J’Ula beheld the odd, vicious human blade in her hands for a moment before setting it upon the desk in her quarters. It was a prize, presented to her by the leader of her personal guard, taken from the hand of a dead Starfleet security officer. Kukri, the humans called the blade. It was truly a warrior’s weapon. The officer who once wielded it killed eight Klingons in close combat before finally succumbing to his wounds. But he was a fool, this human. He fought alone against overwhelming odds, trapped in the belly of his ship after all of his comrades had died or surrendered.
He fought in a burning house, she mused. He suffered the fate of all fools.
Her vessel streaked through space at high warp. Valuable information was gleaned from Starfleet prisoners, and from captured data files taken from the “burning house” so bravely defended by the human with the vicious blade. She’d learned of a Federation supply line and, in studying it, learned where it was most vulnerable… especially to a ship with the vaunted cloaking technology. Its treasures would soon be hers.
Such treasures would keep her crew’s spirits high. It would keep this mighty vessel strong. Lukara. She had named her ship after the wife of Kahless, a true champion of the Empire… and forever in his shadow. Always it had been so. Men honored Kahless, yet without Lukara, he would have been a stain under the boots of Molor’s warriors in the Great Hall of Qam-Chee. A warrior, lost and unsung. But no. Kahless was a legend. Her brother T’Kuvma worshipped him, walked in his footsteps, and sought his light.
Her brother, the fool.
Like Kahless, T’Kuvma found eternal glory in death, but J’Ula was determined not to be a woman in a great man’s shadow. She honored Lukara, but she would not follow her path as her brother followed Kahless. Her path led to a vastly greater glory.

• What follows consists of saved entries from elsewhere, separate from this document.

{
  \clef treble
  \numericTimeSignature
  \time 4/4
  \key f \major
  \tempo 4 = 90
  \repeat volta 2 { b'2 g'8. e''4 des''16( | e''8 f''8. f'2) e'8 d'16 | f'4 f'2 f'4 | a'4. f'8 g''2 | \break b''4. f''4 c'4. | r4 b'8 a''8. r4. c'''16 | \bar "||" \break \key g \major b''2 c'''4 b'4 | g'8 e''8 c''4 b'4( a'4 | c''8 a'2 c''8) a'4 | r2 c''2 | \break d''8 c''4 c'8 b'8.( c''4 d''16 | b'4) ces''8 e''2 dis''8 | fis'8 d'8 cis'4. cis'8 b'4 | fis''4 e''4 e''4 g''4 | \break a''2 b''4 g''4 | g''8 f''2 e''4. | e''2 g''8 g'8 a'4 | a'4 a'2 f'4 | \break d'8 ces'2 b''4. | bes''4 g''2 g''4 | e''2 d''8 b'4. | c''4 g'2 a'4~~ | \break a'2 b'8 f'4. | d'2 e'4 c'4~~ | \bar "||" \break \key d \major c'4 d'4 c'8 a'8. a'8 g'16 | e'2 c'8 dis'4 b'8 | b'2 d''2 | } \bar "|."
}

Before the war, when T’Kuvma came to Qo’noS with his mob and his fables, brashly confronting the High Council and warning them of impending Federation attack… she believed him. She told him so, when others scoffed. Pledged to champion his cause before the Great Houses, to make them see the truth in his words.
And he rejected her, denied the bond of the blood they shared, and turned his back on her. “I no longer have a sister,” were the last words he said to J’Ula. Rage still burned within him, rage at her perceived betrayal for marrying into House Mo’kai, for dissolving their own familial house. He found a way to unite the Houses against the Federation where she had not, but he would never see the glory such unity would bring.

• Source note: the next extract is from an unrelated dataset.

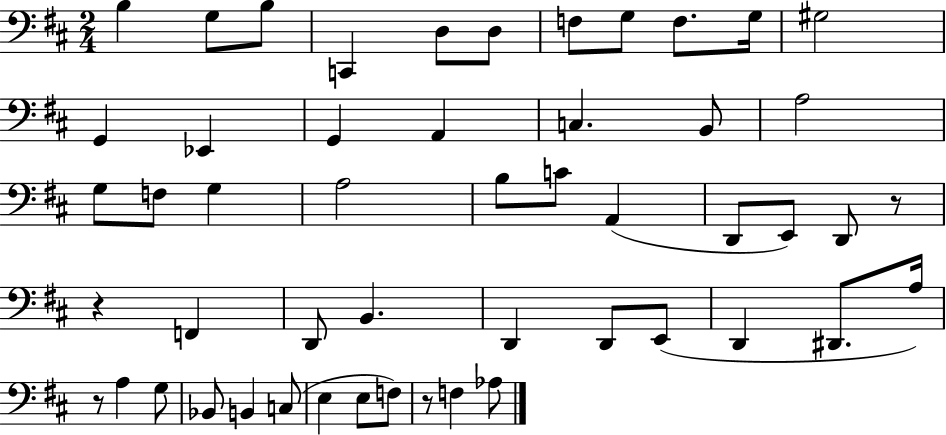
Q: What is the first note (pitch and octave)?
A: B3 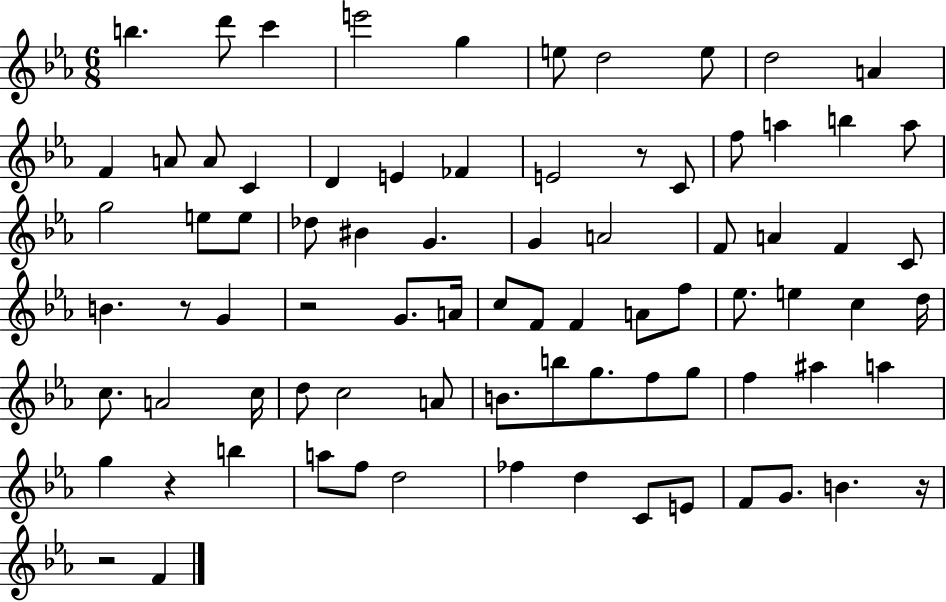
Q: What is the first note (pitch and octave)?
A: B5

But House Mo’kai, and its matriarch, would bear witness to that glory.
“House Mo’kai is rich in one of the most precious commodities of war, dear brother,” she said to herself as she watched the blur of stars move past proud Lukara. “Knowledge. It is our bat’leth, and a blade that strikes deep and true.” Her spies were everywhere – within the Empire and without. They spoke the language of the enemy, read their greatest works, and studied their greatest minds. On the battlefield of the mind, House Mo’kai stood unchallenged and undefeated.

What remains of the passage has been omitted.